Alltag über allesDass sich was verändert hatte, war mit freiem Auge zu erkennen. Am Weg in die Arbeit sah ich die Fahnen, die Tricolore und auch die europäische, die allesamt auf Halbmast hingen, an allen öffentlichen Gebäuden der Stadt. Bei diesem Anblick schossen mir erstmals Tränen in die Augen. Die Innenstadt war wie ausgestorben, Restaurants und Bars menschenleer. Übertragungswägen von ARD und ZDF säumten den Pont du Courbeau, eine jener Brücken, über die ich jeden Tag mit dem Rad zu meiner Wohnung fahre, auf die kleine Insel in der Ill, wo sich der mittelalterliche Stadtkern befindet. Über diese war auch der Attentäter Chekatt in das Zentrum gegangen, vorbei an den zahlreichen Securites, die dort seit Ende November die Taschen der Besucher kontrollierten.

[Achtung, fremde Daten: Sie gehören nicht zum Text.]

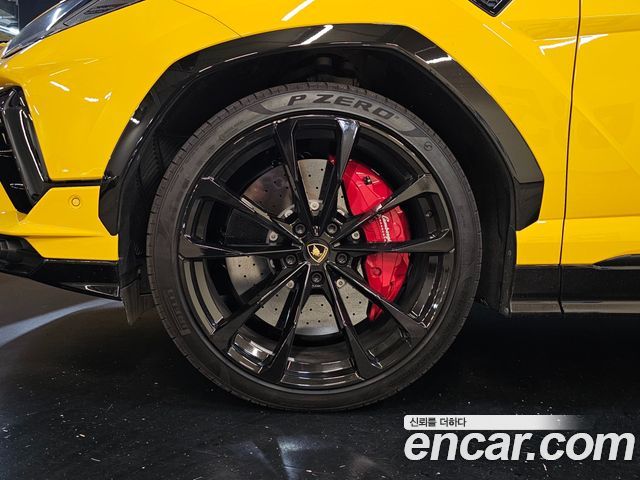 Lamborghini Urus 2024 — photo 4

Die Hütten am Weihnachtsmarkt an der Place Gutenberg waren geschlossen, die Weihnachtsbeleuchtung aus Respekt vor den Opfern ausgeschaltet. Die Place Kléber, an der Präsident Emmanuel Macron am selben Tag eine weiße Rose niederlegte, war dunkel. Nur das Lichtermeer aus Kerzen war von weitem zu erkennen. Beim Anblick der einzelnen Tatorte, deren Meer aus Blumen und Kerzen die unmittelbare Umgebung meiner Wohnung seither säumen, begann ich los zu heulen. Wieso durfte ich "nicht hier sein", als es passierte?
Eine Frage, die ich mir seither nicht wieder gestellt habe.

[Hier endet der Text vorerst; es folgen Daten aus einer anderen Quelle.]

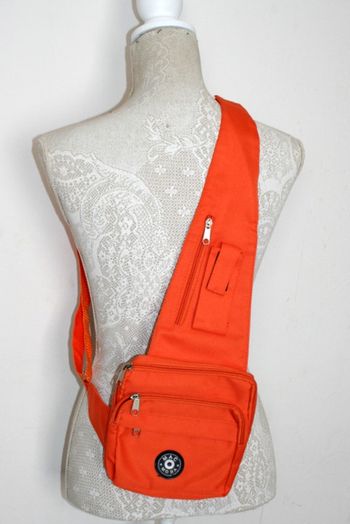 Petit sac à dos orange 18x18cm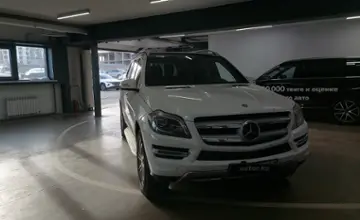 Mercedes-Benz GL-Класс 2015 года за 17 500 000 тг. в Астана фото 2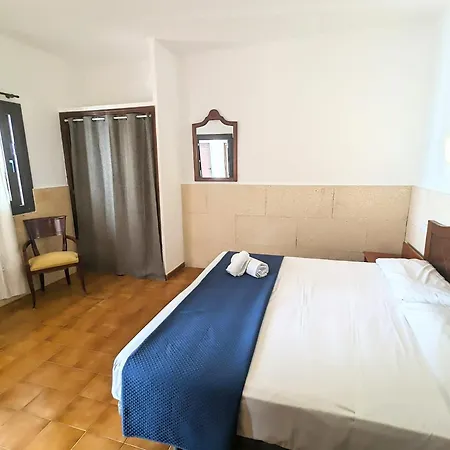 Don Carlos باغيرا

Denn wie an so vielen anderen Orten zuvor kehrte auch in Straßburg schnell wieder das "normale", vorweihnachtlich-gestresste Leben ein. Die Weihachtsmärkte öffneten wieder, Touristen tranken Glühwein und shoppten sich durch die Gassen, an den Blumen und Kerzen hielten sie für ein paar Fotos inne. Trauer und Schmerz wurden vom Duft von Gewürzbrot und Sauerkraut überdeckt.
Und jetzt, nach zwei erholsamen, sorglosen Wochen Weihnachtsurlaub in Österreich, ist das alles Schnee von gestern. Der Bedarf, dazu noch etwas zu sagen, überschaubar. Man kommt hierher zurück, fährt in die Arbeit, geht einkaufen. Alltag macht sich breit. Der Weihnachtsmarkt ist geschlossen, das Meer aus Kerzen kleiner, die Stille wieder lauter. Die Beleuchtung, die die Fachwerkhäuser ziert, wird bald ausgeschaltet und weggeräumt - wie unsere Erinnerung daran.
Dennoch wundert es einen, hin und wieder. Dass wir immer wieder weitermachen, wie bisher. Und manchmal auch einfach nicht in Worte fassen können, wieso.